Une gestuelle institutionnalisée
Lorsque les premières notes de l'hymne raisonnent dans les stades, joueurs, entraineurs et spectateurs se lèvent d'un seul mouvement. Tous placent alors la main droite sur le cœur, le regard tourné vers le drapeau américain, pour entonner les premiers mots. Mais cette gestuelle, propre à l'hymne américain, a évolué au fil du temps.
En 1892, le pasteur Francis J. Bellamy instaura dans les écoles le "salut Bellamy" pour accompagner le Serment d'allégeance envers le drapeau des États-Unis. Durant l'hymne, les enfants levaient le bas au-dessus de la tête, en tendant la main vers l'avant.
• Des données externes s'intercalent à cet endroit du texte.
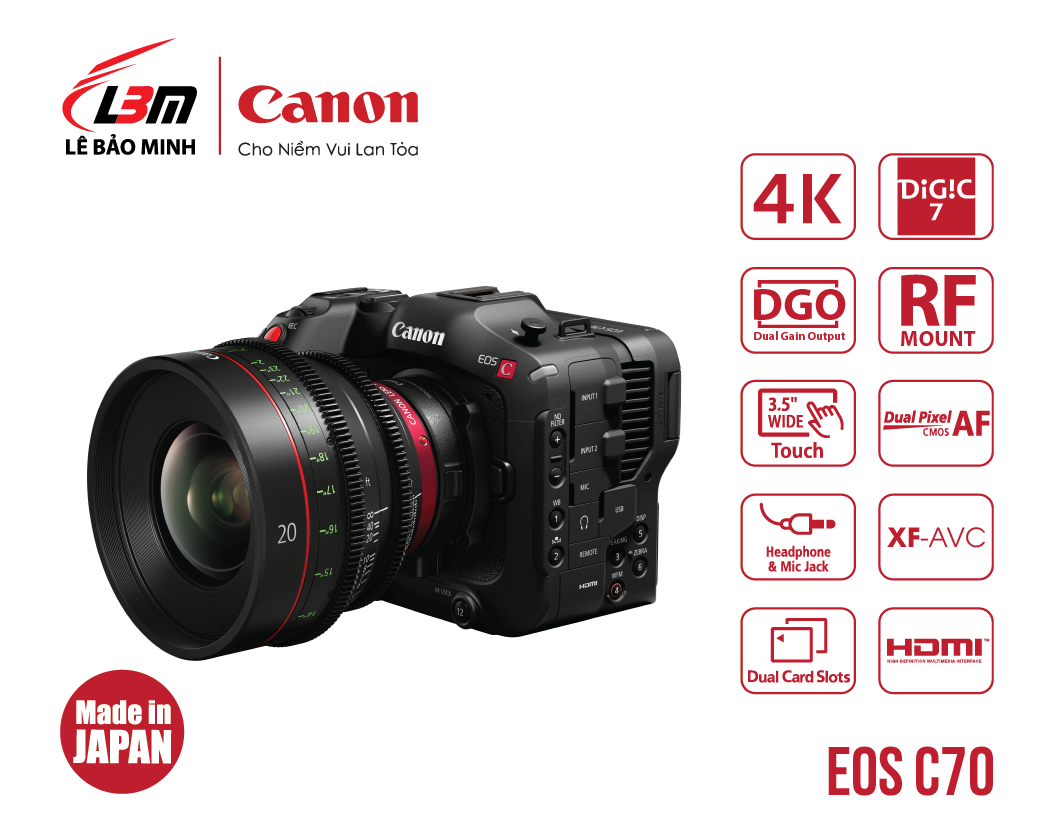 Máy quay chuyên dụng Canon C70 (4K)   (Body ) |  Chính hãng LBM
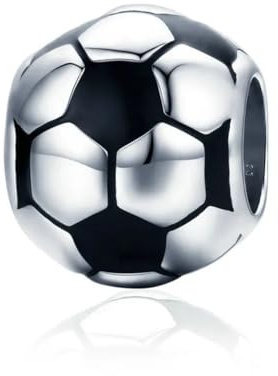 Fußball Charm Perle Fußball Sport Echtes 925 Sterling Silber Kompatibel Armband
Mais durant les années 1930, les fascistes italiens, puis Hitler adoptèrent un salut similaire, créant une controverse sur l'usage du salut Bellamy au pays de l'Oncle Sam. Afin d'éviter toute association avec le parti nazi, le président Franklin Roosevelt remplaça ce geste par la main sur le cœur en 1942.
Inscription dans le Code du drapeau
Depuis son institution, cette posture patriotique est juridiquement encadrée. Selon l'article 36 du Code des Lois américain, "tout citoyen doit faire face au drapeau et se tenir debout, la main droite posée au niveau du cœur. S'il est vêtu d'un couvre-chef, il doit le placer au-dessus de l'épaule gauche, de sorte que sa main droite soit sur le cœur". Dans l'éventualité où le drapeau ne serait pas déployé, "tous les citoyens doivent faire face à la musique et agir de la même manière qu'ils le feraient en présence du drapeau".
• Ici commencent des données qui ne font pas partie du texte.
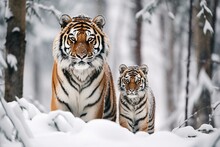 Two Tigers Walking In Unison In Snowy Forest - AI Generative
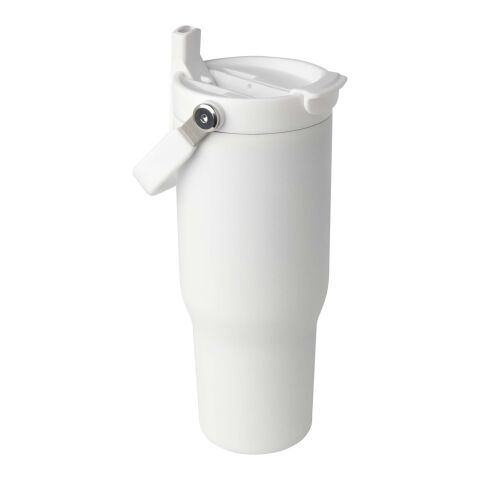 Vaso con aislamiento al vacío de cobre de acero inoxidable reciclado certificado RCS de 900 ml y con tapa de doble función &quot;Bronx&quot; Estándar | blanco | sin montaje de publicidad | no disponible | no disponible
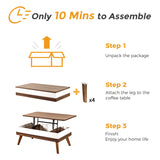 Lift Top Coffee Table, Easy-to-Assembly Center Table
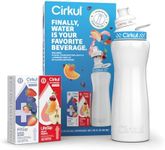 Cirkul 22oz. White Stainless Steel Water Bottle Starter Kit with Blue Lid, 2 Flavor Cartridges (1 LifeSip Fruit Punch and 1 FitSip Mixed Berry) Zero Calories and No Sugar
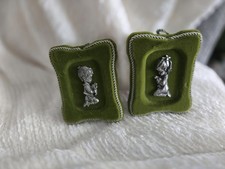 VTG 1960s Set of Genuine Italian Pewter Green Velvet Kneeling Praying Children picture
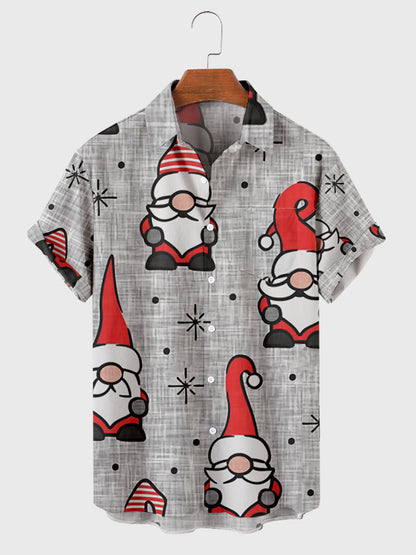 Men's Santa Print Casual Breathable Short Sleeve Shirt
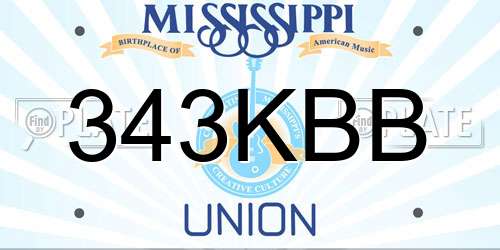 343KBB Mississippi License Plate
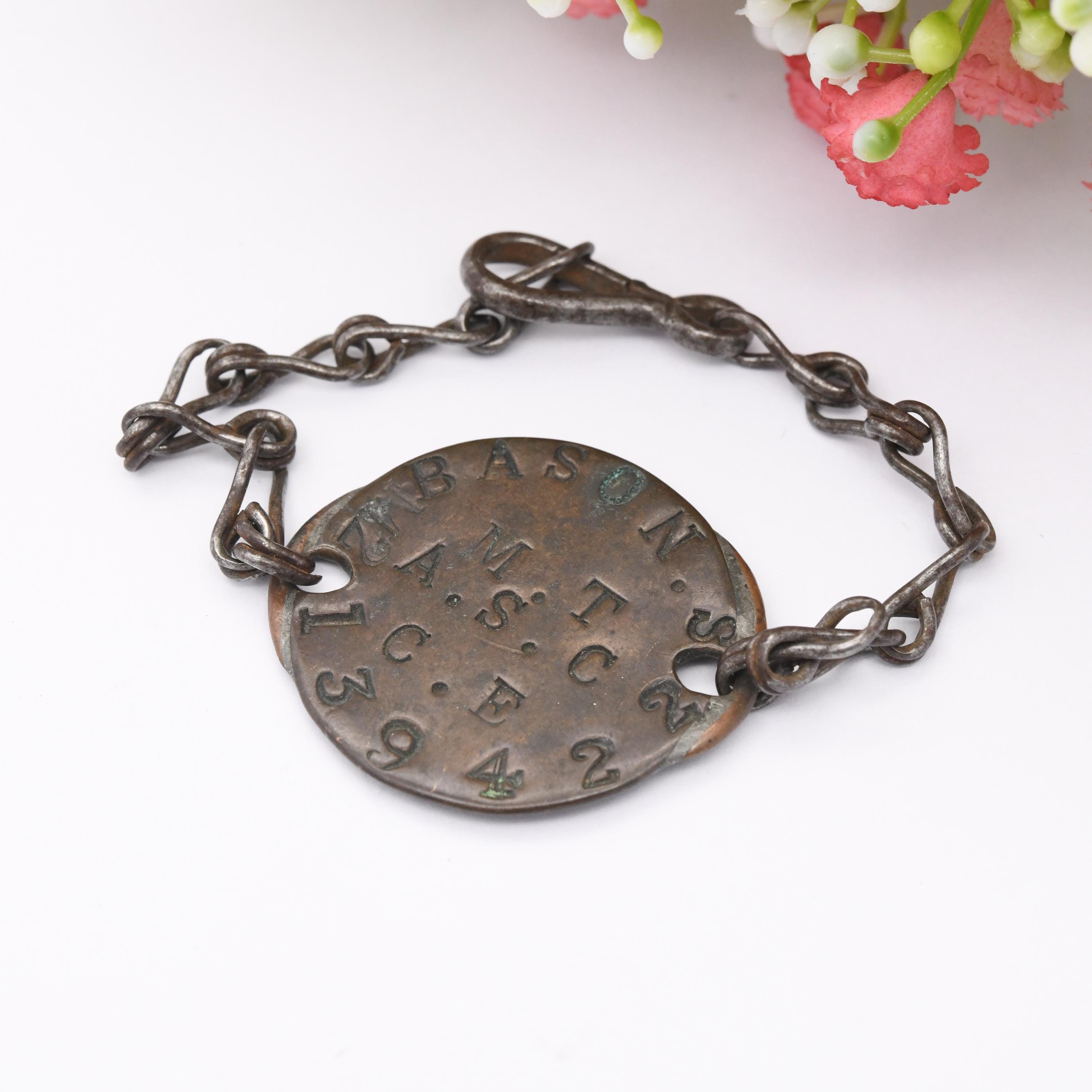 Antique Trench Art Dog Tag Bracelet 1870 Battle of Sedan Franco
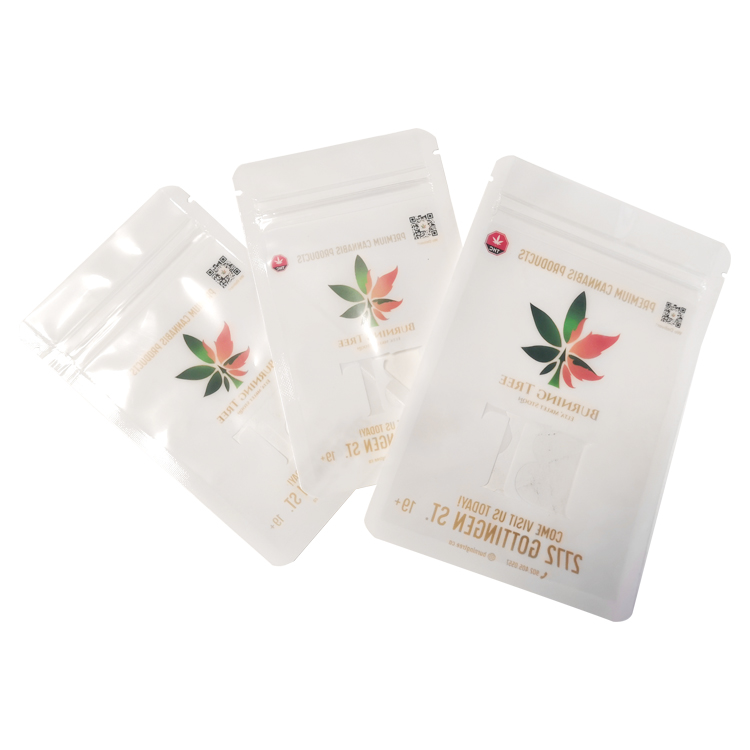 Custom Digital Printed Matte White 3-Side Seal Cannabis Pouch (PET/PE) with Spot UV & Zipper Gallery 5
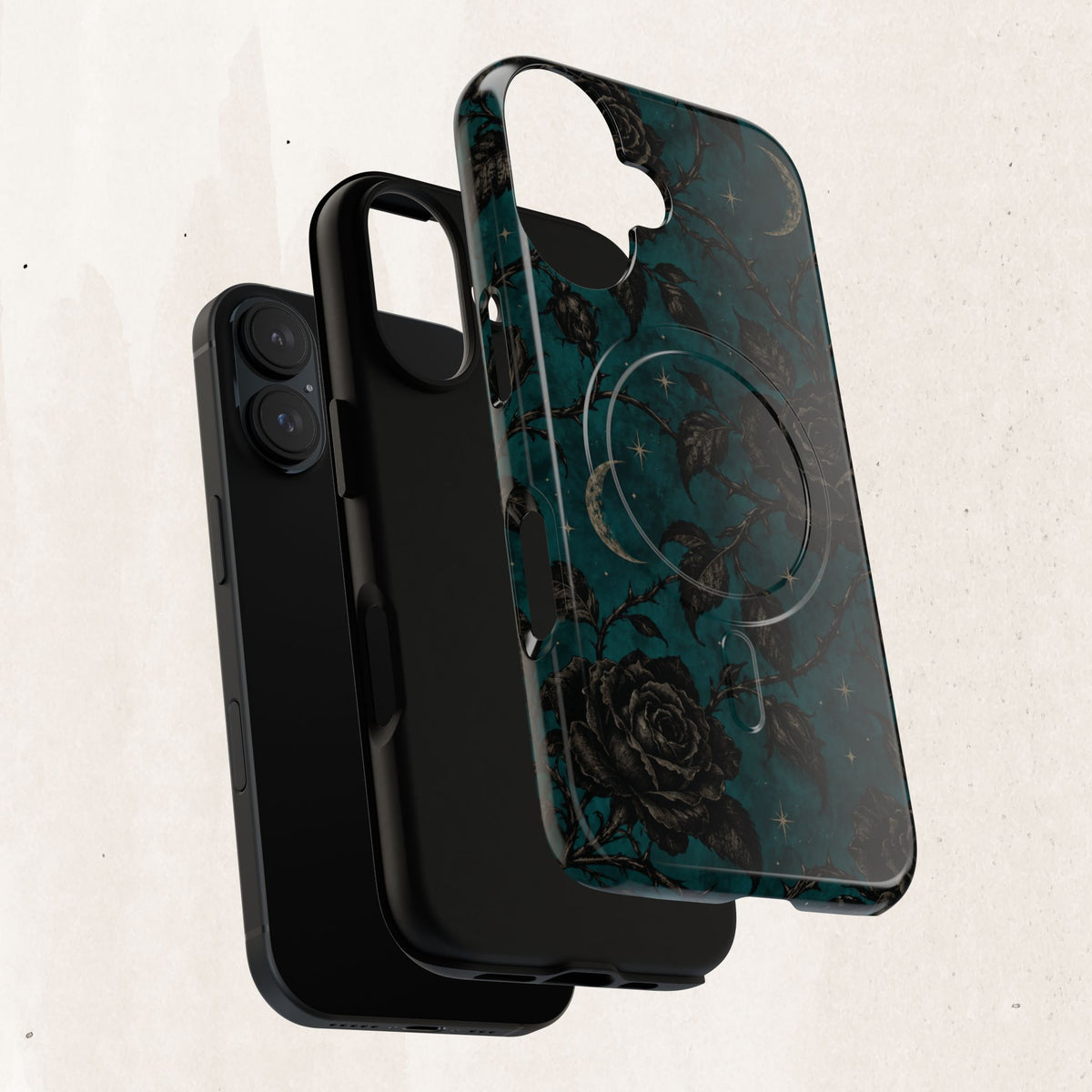 Teal Moon & Black Rose Tough Protective Case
Toutefois, si un individu refuse de se soumettre à cette tradition, il ne sera pas poursuivi pénalement. "Mettre la main sur le coeur fait partie du Code du drapeau des États-Unis, qui est une série de lignes directrices sur l'utilisation correcte du drapeau. Même si ce Code fait partie de la loi fédérale, il n'y a pas de pénalités pour les actions à son encontre" souligne Marc Leepson, historien et auteur de l'ouvrage What so proudly we hailed. Car selon la Cour suprême, une punition serait en contradiction avec le Premier amendement de la Constitution des États-Unis, qui défend le droit à la liberté d'expression.
Le genou à terre, une forme d'irrespect contre l'hymne américain ?
Depuis samedi dernier, cette cohésion patriotique est mise à mal dans le pays. Le monde du sport, généralement préservé des opinions politiques, s'oppose à celui de la politique. Pour comprendre, il faut remontrer au 22 septembre. Lors d'un déplacement en Alabama, Donald Trump a pris pour cible le quaterback Colin Kaepernick, sans équipe depuis l'expiration de son contrat. Ce dernier avait posé le genou au sol en 2016 pour protester contre les violences policières envers la communauté noire et les tensions raciales. Un geste symbolique qui avait divisé les États-Unis.
Au cours de son allocution publique, l'actuel président américain incitait la NFL (championnat de football américain) "à virer" les joueurs qui ne respectent pas l'hymne national, à l'instar de Colin Kaepernick, le qualifiant de "fils de pu**". En réaction à ces propos vulgaires, plus de 150 athlètes de la NFL se sont agenouillés, et se sont tenus par les bras durant l’hymne américain, au cours des quatorze matchs disputés dimanche 23 septembre. Certaines équipes ont même boycotté la minute patriotique en restant dans les vestiaires. Du jamais vu sur les terrains américains, si bien que la question se pose quant au manque de respect, ou non, des joueurs envers l'hymne et les valeurs qu'il défend.
"La principale interrogation est de savoir si c'est un manque de respect ou une question de liberté d'expression, questionne l'écrivain Marc Leepson. Cela peut être les deux. Leur geste se soumet à la condamnation de ceux qui estiment que c'est antipatriotique et irrespectueux dans ce pays. Pour autant, ces joueurs ne mettent pas en danger leur emploi, puisqu'ils évoluent à un niveau professionnel élevé". Un avis partagé par son confrère Marc Ferris : "L'hymne a toujours eu une dimension politique. Les joueurs tirent avantage de la publicité et de leur couverture médiatique pour prendre position dans le silence. C'est une opposition mesurée et pour moi, parfaitement acceptable".